Extracted information -
:::

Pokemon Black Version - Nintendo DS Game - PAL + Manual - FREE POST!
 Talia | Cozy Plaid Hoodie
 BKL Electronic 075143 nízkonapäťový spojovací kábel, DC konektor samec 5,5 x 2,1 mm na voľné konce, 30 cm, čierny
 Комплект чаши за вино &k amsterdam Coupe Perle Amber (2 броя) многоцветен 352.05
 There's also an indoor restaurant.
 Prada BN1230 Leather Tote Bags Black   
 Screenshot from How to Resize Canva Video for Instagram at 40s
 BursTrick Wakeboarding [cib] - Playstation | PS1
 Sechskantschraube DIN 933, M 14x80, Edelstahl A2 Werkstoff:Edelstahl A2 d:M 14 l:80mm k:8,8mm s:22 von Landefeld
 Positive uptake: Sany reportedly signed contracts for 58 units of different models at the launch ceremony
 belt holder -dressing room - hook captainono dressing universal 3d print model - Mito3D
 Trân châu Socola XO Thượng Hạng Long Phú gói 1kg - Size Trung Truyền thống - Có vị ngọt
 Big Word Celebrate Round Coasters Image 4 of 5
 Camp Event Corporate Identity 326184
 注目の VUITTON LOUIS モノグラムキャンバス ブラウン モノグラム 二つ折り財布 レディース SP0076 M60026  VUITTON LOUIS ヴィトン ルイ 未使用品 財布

:::

Task objective - Please restate word for word the lines of the material above, beginning with the one that holds "BursTrick Wakeboarding [cib]" and ending with the last.

Answer box -
 BursTrick Wakeboarding [cib] - Playstation | PS1
 Sechskantschraube DIN 933, M 14x80, Edelstahl A2 Werkstoff:Edelstahl A2 d:M 14 l:80mm k:8,8mm s:22 von Landefeld
 Positive uptake: Sany reportedly signed contracts for 58 units of different models at the launch ceremony
 belt holder -dressing room - hook captainono dressing universal 3d print model - Mito3D
 Trân châu Socola XO Thượng Hạng Long Phú gói 1kg - Size Trung Truyền thống - Có vị ngọt
 Big Word Celebrate Round Coasters Image 4 of 5
 Camp Event Corporate Identity 326184
 注目の VUITTON LOUIS モノグラムキャンバス ブラウン モノグラム 二つ折り財布 レディース SP0076 M60026  VUITTON LOUIS ヴィトン ルイ 未使用品 財布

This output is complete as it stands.